Billions Of Comrades jouait samedi à la prison de Marche-en-Famenne. Une première, pour le groupe de Tubize comme pour l’établissement pénitentiaire.
A Marche-en-Famenne, on est loin des images de ces prisons belges surpeuplées et pourrissantes. Mis en service en novembre 2013, l’établissement est présenté comme le fruit d’un « masterplan pour une infrastructure pénitentiaire dans des conditions humaines ». Y voir jouer un groupe de rock, comme Billions Of Comrades ce samedi, serait donc presque normal, sauf qu’à Marche, il s’agit d’une première, parmi les activités mises en place en l’espace de quelques mois à peine.
A côté des habituelles séances de musculation, parties de scrabble ou d’échecs, la prison a ainsi accueilli un philosophe, reçu des représentants de la Foire du Livre de même qu’Armel Job, proposé aux détenus de cultiver un bout de jardin ou de s’occuper de… ruches ! Mais la venue des Tubiziens de Billions Of Comrades, vainqueurs du Concours Circuit en 2012 et signés sur le label bruxellois Black Basset Records, est bel et bien une première.
Pourquoi Billions, au fait ? « Musicalement parlant, explique Didier Gosset, de Black Basset Records, une population carcérale, c’est forcément une population lambda qui est susceptible d’écouter la radio avant tout, et qui n’est donc pas nécessairement au fait des diverses possibilités musicales.

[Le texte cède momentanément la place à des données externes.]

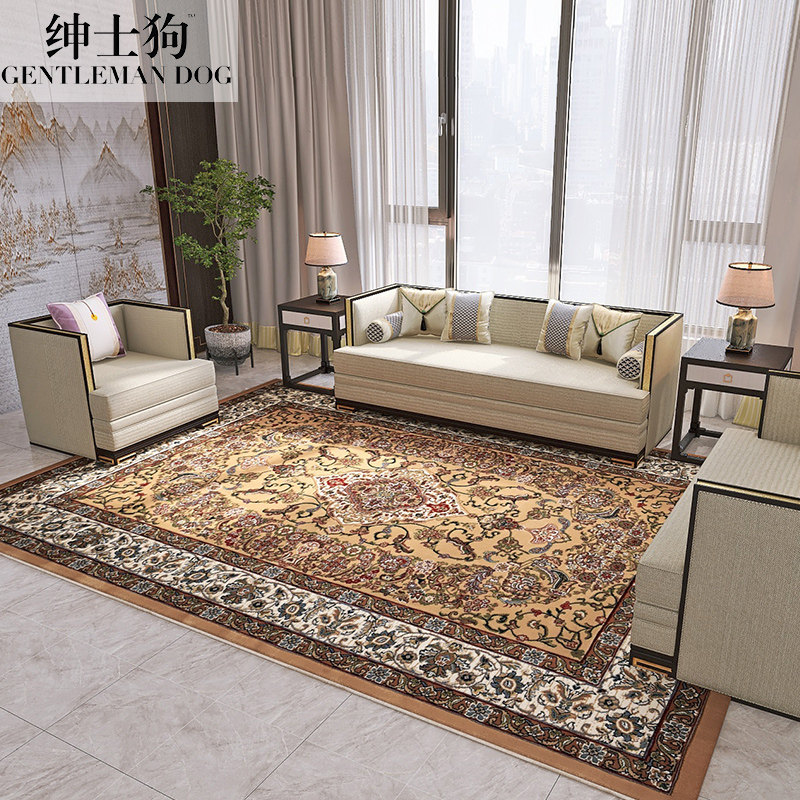 Gentleman Dog Persian Wind European-style Carpet Living Room Bedroom Bedside Blanket Tea Table Blanket Sofa Table Full room Home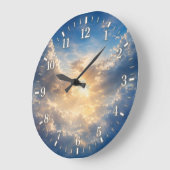 Grande Horloge Ronde Cloud Clock 2026 (Angle)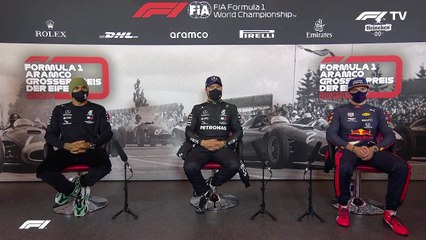 F1 2020 Eifel GP - Post-Qualifying Press Conference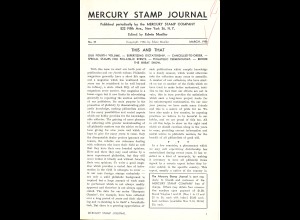 Hrsg: Edwin Mueller, USA: Mercury Stamp Journal 1956 (Nr. 36-40)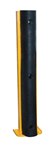 Structural Rack Guard with Bumper, 36" x 8"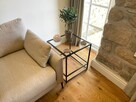 Industrialny Stolik Kawowy Boczny Loft w Kolorze Czarnym - 4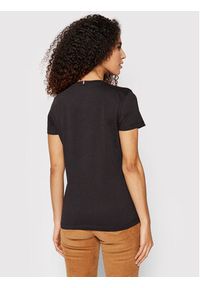 TOMMY HILFIGER - Tommy Hilfiger T-Shirt Heritage Tee WW0WW24969 Czarny Regular Fit. Kolor: czarny. Materiał: bawełna #3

Partant de là, Billions Of Comrades est le groupe le plus « abordable » du label. »
Du côté du label, justement, l’envie est grande aussi d’amener la musique là où on ne la trouve pas nécessairement. « La musique de Quadrupède, par exemple, a déjà servi en France, pour des spectacles de danse, des chorégraphies. L’idée d’avoir un aspect un peu plus social est quelque chose qui avait aussi été développé avec Mont Doré. » La boucle continue à se boucler : avec Billions Of Comrades, elle est aussi présente en prison…

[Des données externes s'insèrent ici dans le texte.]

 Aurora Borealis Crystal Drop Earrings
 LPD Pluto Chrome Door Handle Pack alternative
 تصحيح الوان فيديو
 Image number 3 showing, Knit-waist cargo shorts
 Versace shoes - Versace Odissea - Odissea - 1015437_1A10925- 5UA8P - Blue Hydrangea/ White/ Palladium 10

Sur la petite scène montée dans la salle des sports de la prison, face à 85 détenus (et un public mixte, comme l’est l’établissement), le groupe n’aura pas traîné à trouver ses marques. « Robots », « Harders », « Squadra » : si on n’a pas perdu de vue ni l’endroit ni ceux et celles parmi lesquels on se retrouve ici, on se sent tout aussi vite dans une atmosphère de concert, chahut bon enfant entre les morceaux inclus.
« On ne savait pas trop à quoi s’attendre, m’avoue Johnathan Manzitto après que les détenus aient regagné leurs quartiers. Quand nous sommes montés sur scène, poursuit le chanteur du groupe, nous avons vu cet espace vide devant nous comme dans n’importe quelle salle. C’est cette espèce de barrière à franchir. Je crois que de part et d’autre, elle a été franchie assez rapidement. Après, ça a été super vite. Nous avons même eu l’impression que ça avait été encore plus vite que d’habitude. »

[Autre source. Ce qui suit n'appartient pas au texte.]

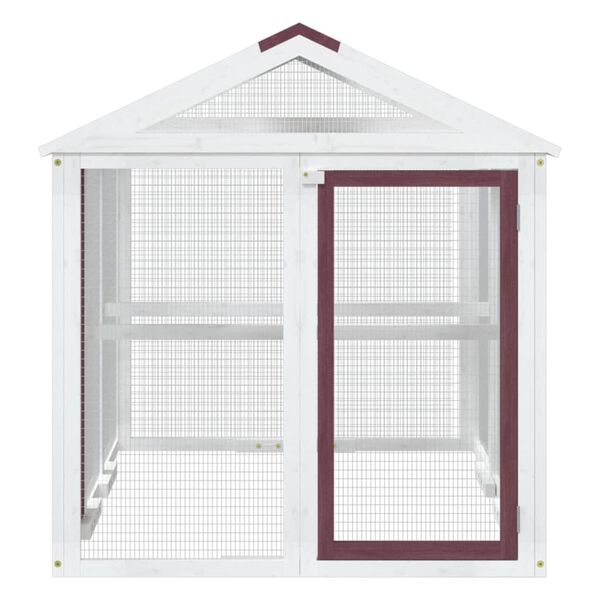 vidaXL Boks za životinje boja kave 141 x 94 x 104 cm masivna borovina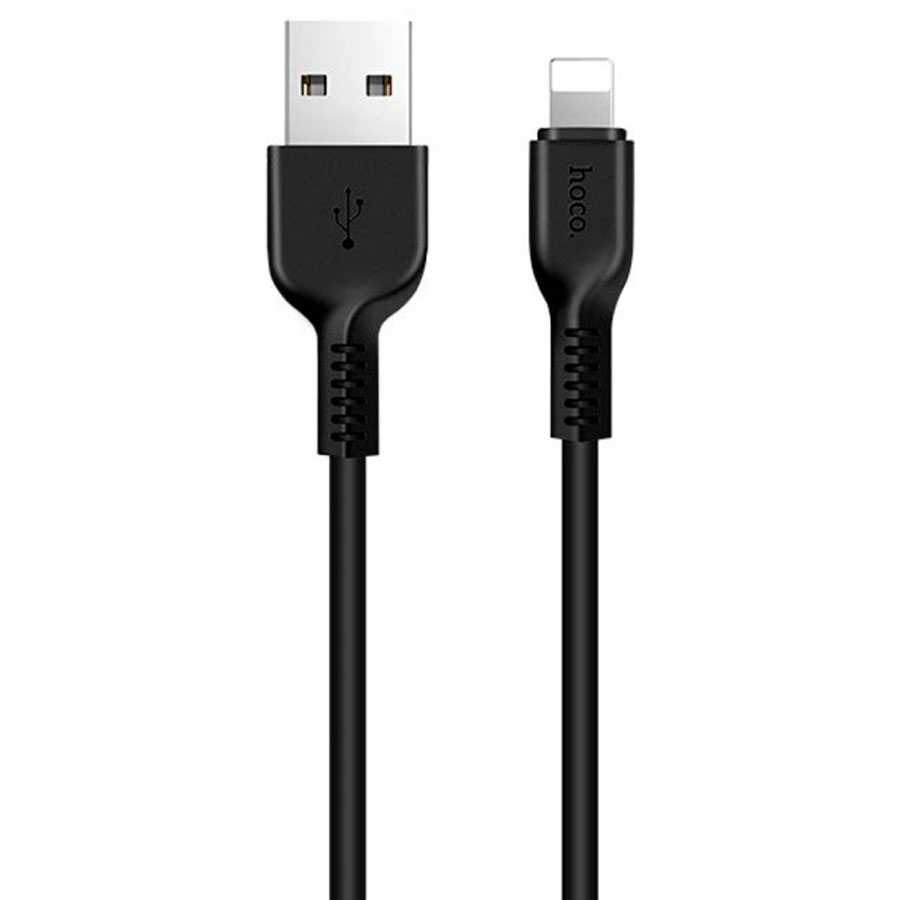 Зарядные устройства и кабели - Кабель USB HOCO X20 Flash USB - Lightning 3 м, черный/белый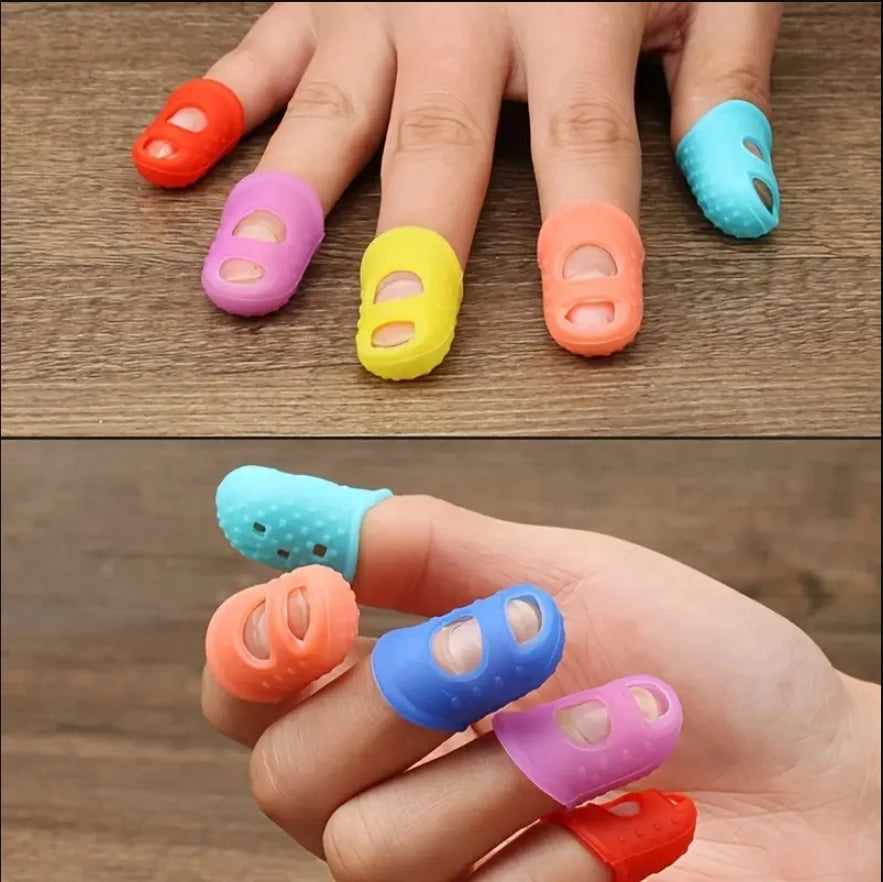 5 PCS/Set Thickened Universal Finger Silicone Guitar String Finger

Et le fait d’avoir pu discuter un peu musique avec les prisonniers, juste avant qu’ils ne s’en aillent ? « C’était vraiment du pain béni pour nous. Ce n’est plus seulement un concert, c’est le côté humain qui prend le pas sur le reste. Pour ça, c’est vraiment parfait. »
Le concert de Billions Of Comrades s’inscrivait dans une série d’activités destinées à « humaniser » l’univers carcéral, des activités pour lesquelles Marche est un établissement « pionnier ». De l’avis général, l’expérience devrait être renouvelée, que ce soit avec des artistes venus de l’extérieur ou le groupe actuellement en formation entre ses murs.